YOUR TASK: From the data below, return only the lines from the one with "Skull Character Fiction" through the one with "YRZL Massage Flip-flops", exact and inclusive, with pictures left out.

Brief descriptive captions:
====
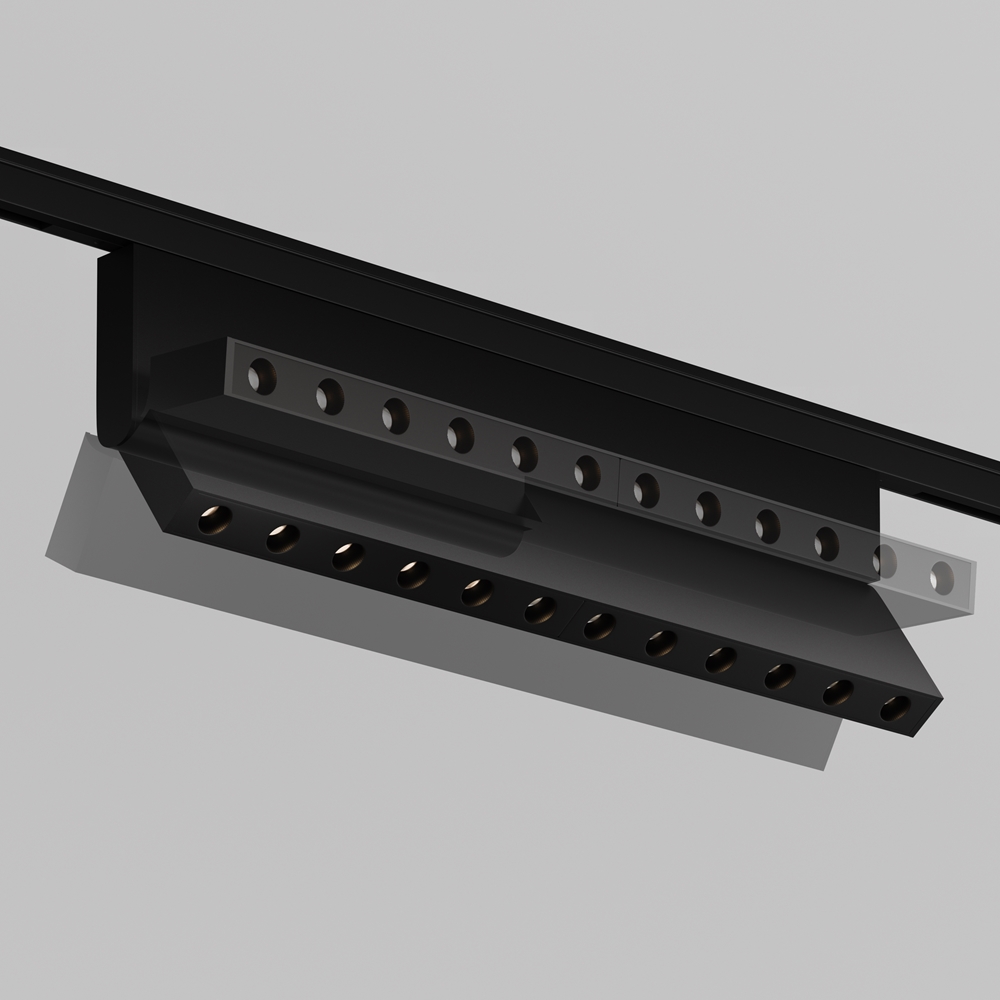 Трековый светильник Points Rot Levity 2700К 12Вт 30° — изображение 2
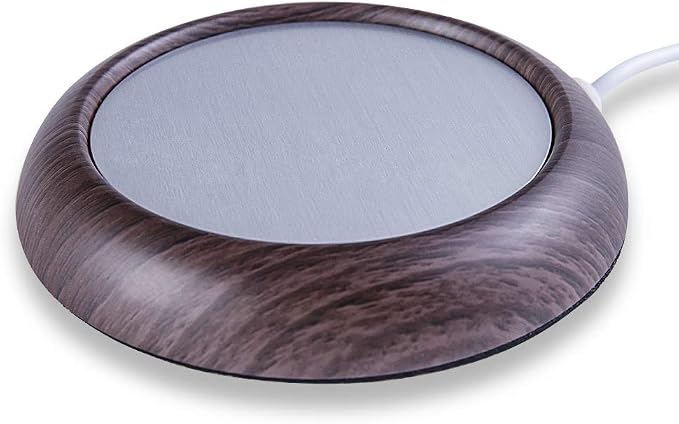 warming coffee coaster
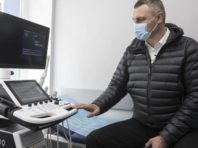 У Києві в лікарні для хворих на коронавірус зробили ремонт [Фото]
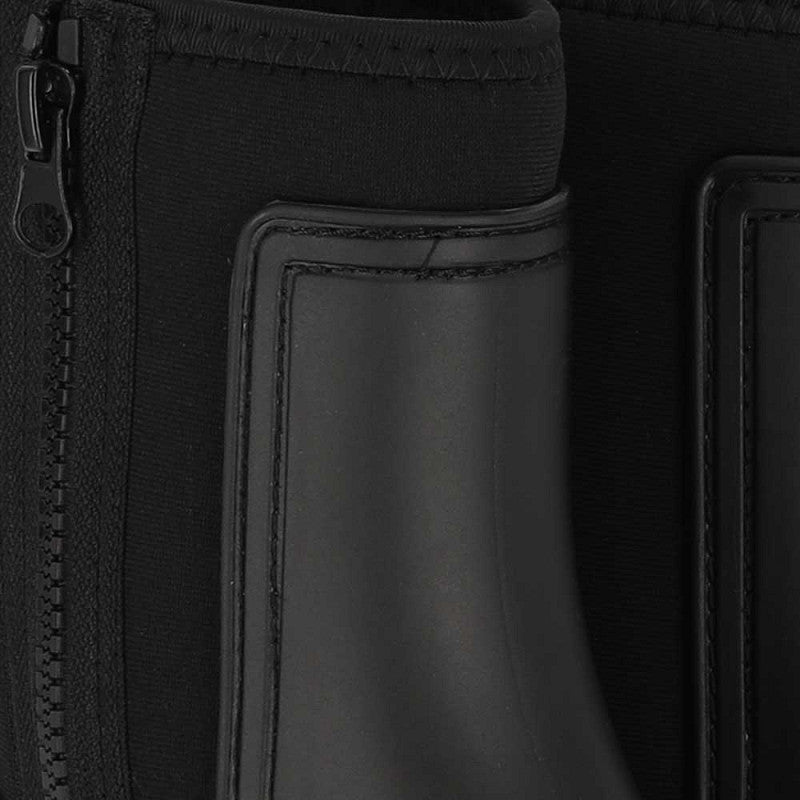 Regenstiefel für Damen – Schwarz
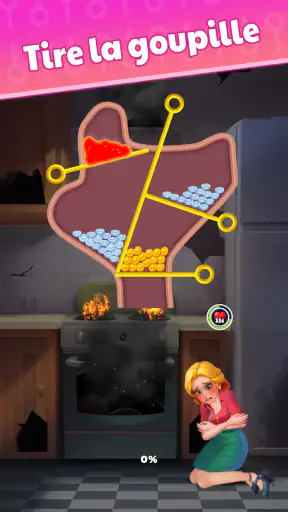 Home Pin 4 : Tire la Cheville screenshot 5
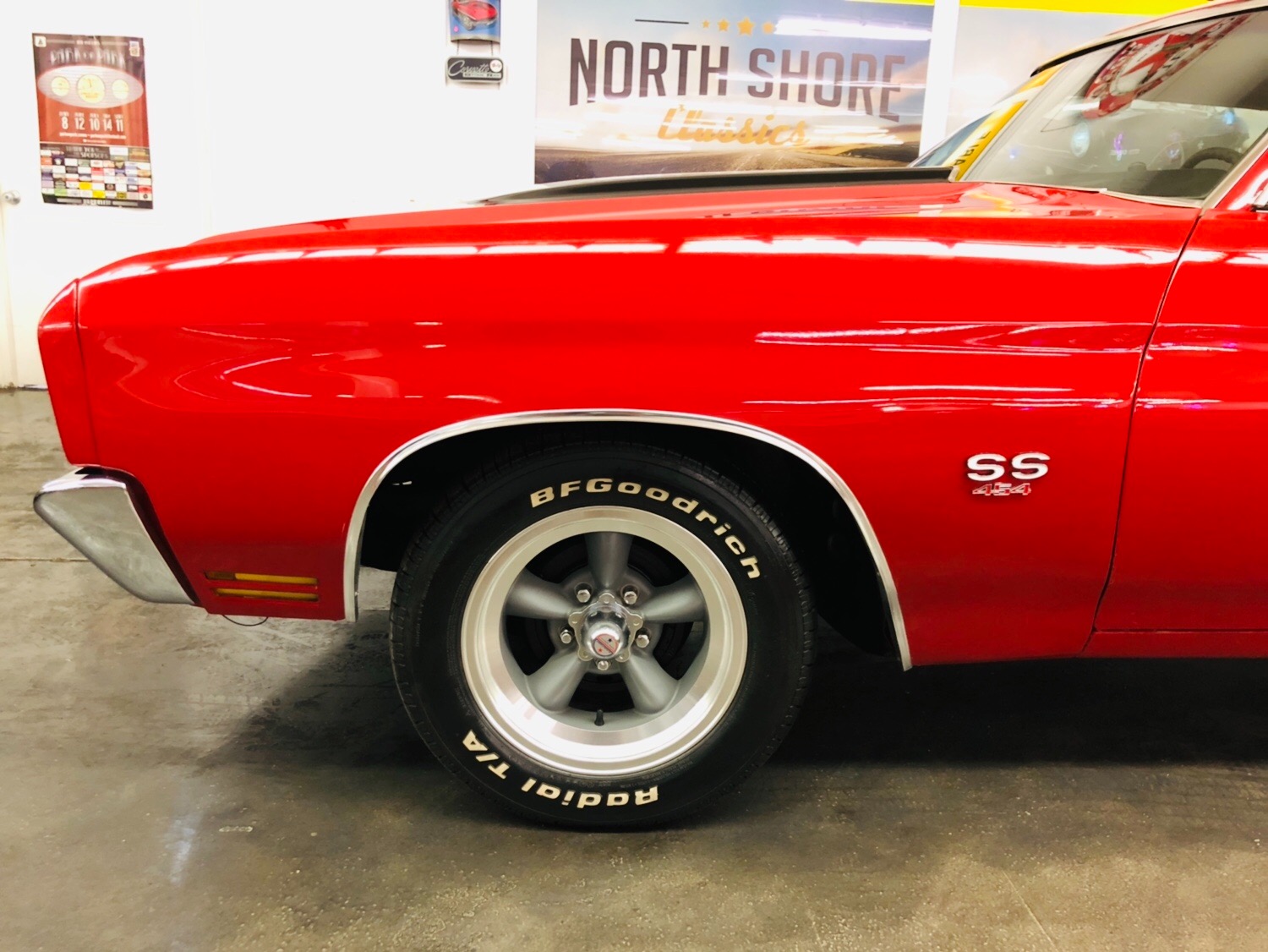 Used 1970 Chevrolet Chevelle -BIG BLOCK 454 TRIBUTE-AUTOMATIC FROM FLORIDA-SEE VIDEO | Mundelein, IL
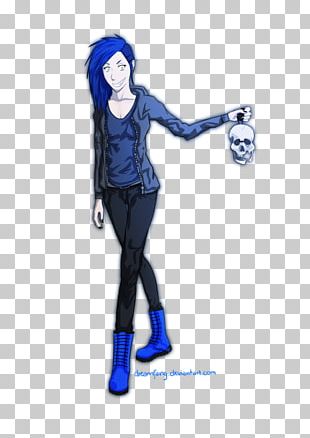 Skull Character Fiction Animated Cartoon PNG, Clipart, Animated Cartoon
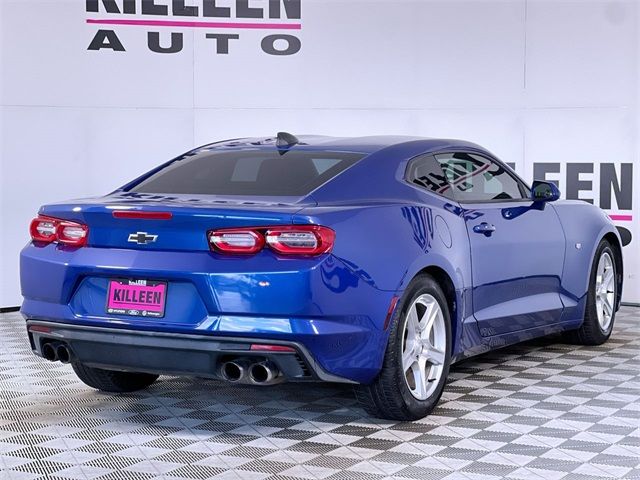 2019 Chevrolet Camaro 1LT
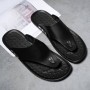 YRZL Massage Flip-flops Summer Men Slippers Beach Sandals Comfortable Men Bathroom Slippers Fashion Hot Sell Footwear 2022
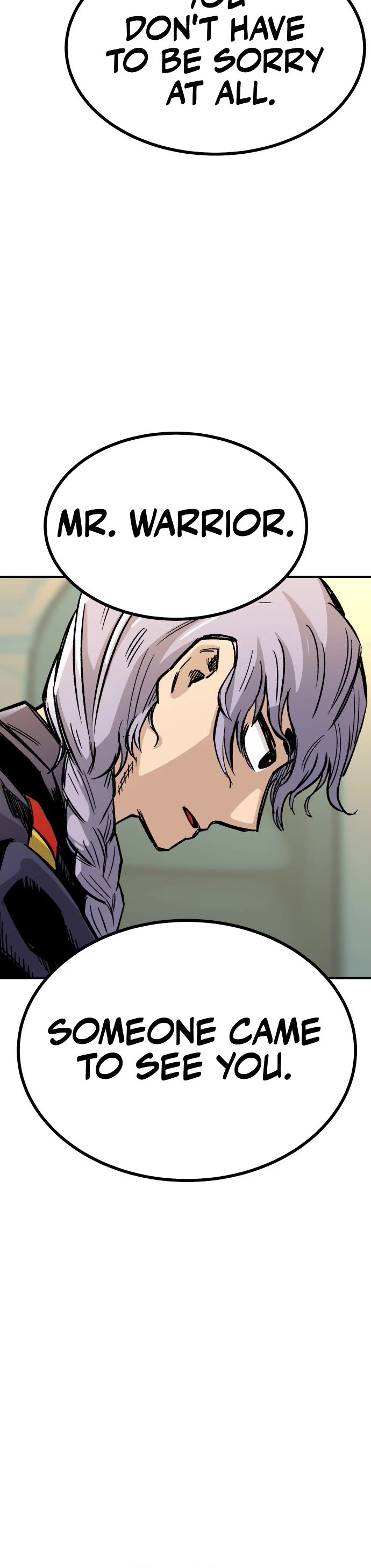 Reincarnation of the Veteran Soldier Chapter 13 page 38 - Chapter 13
====
RESULT FOR THIS EXERCISE:
 Skull Character Fiction Animated Cartoon PNG, Clipart, Animated Cartoon
 2019 Chevrolet Camaro 1LT
 YRZL Massage Flip-flops Summer Men Slippers Beach Sandals Comfortable Men Bathroom Slippers Fashion Hot Sell Footwear 2022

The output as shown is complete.